The code was written initially because we had large customers with a
direct requirement for the facility. It is also very relevant to
embedded systems where you want controlled failure.

2002-07-18 19:38:28

by Daniel Gryniewicz

[permalink] [raw]
Subject: Re: [PATCH] strict VM overcommit for stock 2.4

On Thu, 2002-07-18 at 15:35, Richard B. Johnson wrote:
> On 18 Jul 2002, Robert Love wrote:
>
> > I should also mention this is demand paging, not overcommit.
> >
> > Overcommit is the property of succeeded more allocations than their is
> > memory in the address space. The idea being that allocations are lazy,
> > things often do not use their full allocations, etc. etc. as you
> > mentioned.
> >
> > It is typical a good thing since it lowers VM pressure.
> >
> > It is not always a good thing, for numerous reasons, and it becomes
> > important in those scenarios to ensure that all allocations can be met
> > by the backing store and consequently we never find ourselves with more
> > memory committed than available and thus never OOM.
> >
> > This has nothing to do with paging and resource limits as you say. Btw,
> > without this it is possible to OOM any machine. OOM is a by-product of
> > allowing overcommit and poor accounting (and perhaps poor
> > software/users), not an incorrectly configured machine.
>
> It has everything to do with demand-paging. Since on single CPU
> machines, there is only one task executing at any one time, that
> single task can own and use every bit of RAM on the whole machine
> is virtual memory works correctly. For performance reasons, it
> may not actually use all the RAM but, in principle, it is possible.
>
> If you don't allow that, the single task can use only the RAM that
> was not allocated to other tasks. At the time an allocation is made,
> the kernel cannot know what resources may be available when the task
> requesting the allocation actually starts to use those allocated
> resources. Instead, the kernel allocates resources based upon what
> it 'knows' at the present time. Since it can't see the future anymore
> than you or I, the fact that N processes just called exit() before
> the requesting task touched a single page can't be known.
>
> FYI multiple CPU machines have compounded the problems because there
> can be several things happening at the same time. Although the MM
> is locked so it's single-threaded, you have a before/after resource
> history condition that can't be anticipated.
>
> Cheers,
> Dick Johnson
>

Is it possible that you're confusing "backing store" with "physical
RAM"? I was under the impression that strict overcommit used both RAM
and SWAP when deciding whether an allocation should succeed. If you've
exceeded all of RAM and all of swap, you are OOM. Period.

Daniel

--
Recursion n.:
See Recursion.
-- Random Shack Data Processing Dictionary


2002-07-18 19:38:15

by Alan

[permalink] [raw]
Subject: Re: [PATCH] strict VM overcommit for stock 2.4

On Thu, 2002-07-18 at 19:52, Robert Love wrote:
> On Thu, 2002-07-18 at 12:58, Alan Cox wrote:
>
> > Adjusting the percentages to have a root only zone is doable. It helps
> > in some conceivable cases but not all. Do people think its important, if
> > so I'll add it
>
> Changing the rules would be easy, but you would need to make the
> accounting check for root vs non-root and keep track accordingly.
> Admittedly not hard but not entirely pretty either.
>
> I still contend the issues are not related. It would make more sense to
> me to do resource limits to solve this problem - rlimits are something
> Rik has on his TODO and supposedly easy to add to rmap.
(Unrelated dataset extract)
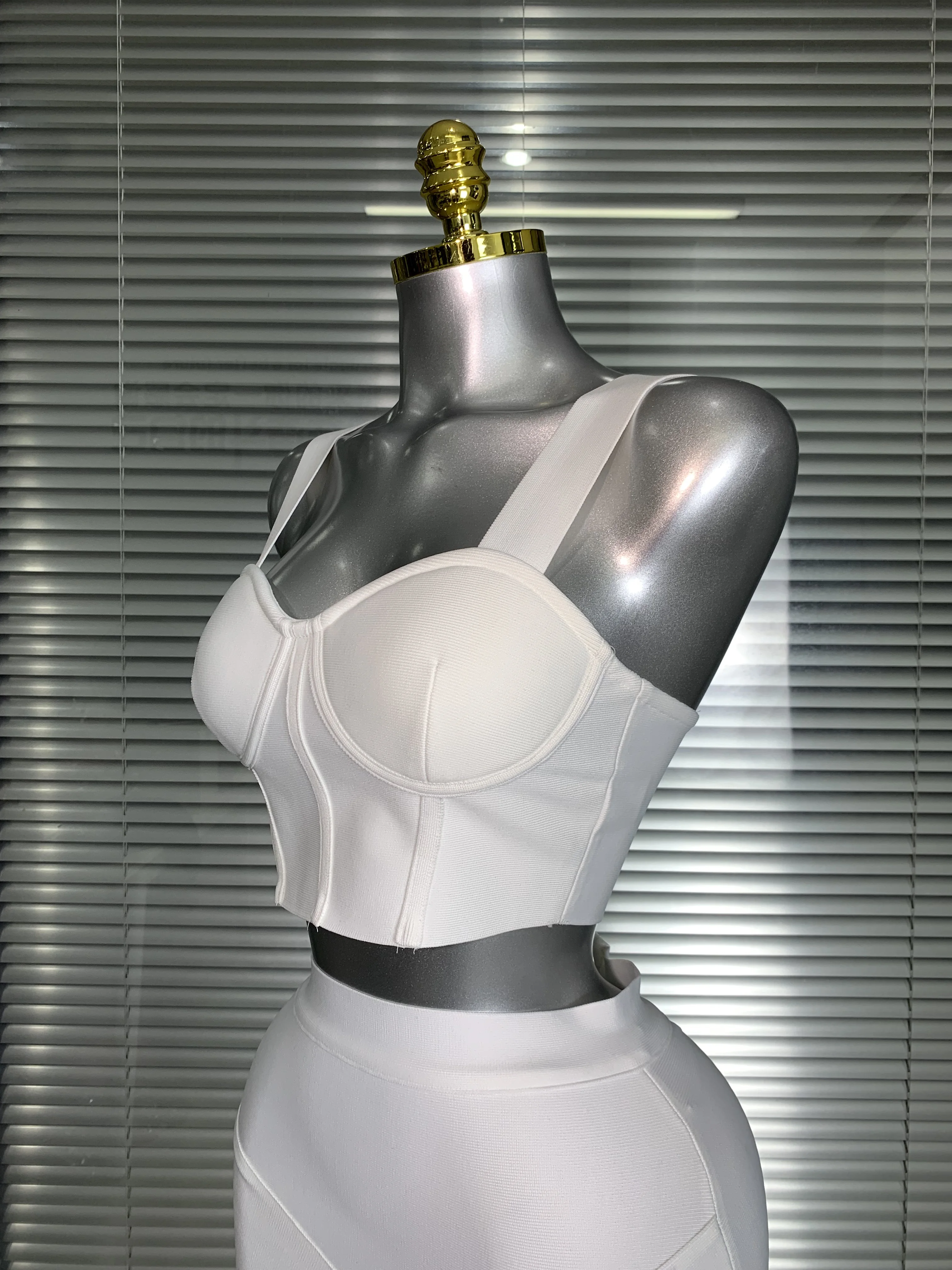 Summer New 2025 Women Sexy White Black Mini Bandage Two Piece Set Celebrity Stretch Knitted Evening Party Skirt Suits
rmap supports rlimit AS which gives you paging control. Neither of them
support workload management or partitioned accounting of any kind. That
would need the beancounter patches resurrecting.

2002-07-18 20:17:09

by Richard B. Johnson

[permalink] [raw]
Subject: Re: [PATCH] strict VM overcommit for stock 2.4

On 18 Jul 2002, Daniel Gryniewicz wrote:

> On Thu, 2002-07-18 at 15:35, Richard B. Johnson wrote:
> > On 18 Jul 2002, Robert Love wrote:
> >
> > > I should also mention this is demand paging, not overcommit.
> > >
> > > Overcommit is the property of succeeded more allocations than their is
> > > memory in the address space. The idea being that allocations are lazy,
> > > things often do not use their full allocations, etc. etc. as you
> > > mentioned.
> > >
> > > It is typical a good thing since it lowers VM pressure.
> > >
> > > It is not always a good thing, for numerous reasons, and it becomes
> > > important in those scenarios to ensure that all allocations can be met
> > > by the backing store and consequently we never find ourselves with more
> > > memory committed than available and thus never OOM.
> > >
> > > This has nothing to do with paging and resource limits as you say. Btw,
> > > without this it is possible to OOM any machine. OOM is a by-product of
> > > allowing overcommit and poor accounting (and perhaps poor
> > > software/users), not an incorrectly configured machine.
> >
> > It has everything to do with demand-paging. Since on single CPU
> > machines, there is only one task executing at any one time, that
> > single task can own and use every bit of RAM on the whole machine
> > is virtual memory works correctly. For performance reasons, it
> > may not actually use all the RAM but, in principle, it is possible.
> >
> > If you don't allow that, the single task can use only the RAM that
> > was not allocated to other tasks. At the time an allocation is made,
> > the kernel cannot know what resources may be available when the task
> > requesting the allocation actually starts to use those allocated
> > resources. Instead, the kernel allocates resources based upon what
> > it 'knows' at the present time. Since it can't see the future anymore
> > than you or I, the fact that N processes just called exit() before
> > the requesting task touched a single page can't be known.
> >
> > FYI multiple CPU machines have compounded the problems because there
> > can be several things happening at the same time. Although the MM
> > is locked so it's single-threaded, you have a before/after resource
> > history condition that can't be anticipated.
> >
> > Cheers,
> > Dick Johnson
> >
>
> Is it possible that you're confusing "backing store" with "physical
> RAM"? I was under the impression that strict overcommit used both RAM
> and SWAP when deciding whether an allocation should succeed. If you've
> exceeded all of RAM and all of swap, you are OOM. Period.
>
> Daniel

No. And I'm not confused. Consider Virtual RAM as all the real RAM
and all the backing store. If I consider this an absolute limit,
then I am not able to fully use all the system resources.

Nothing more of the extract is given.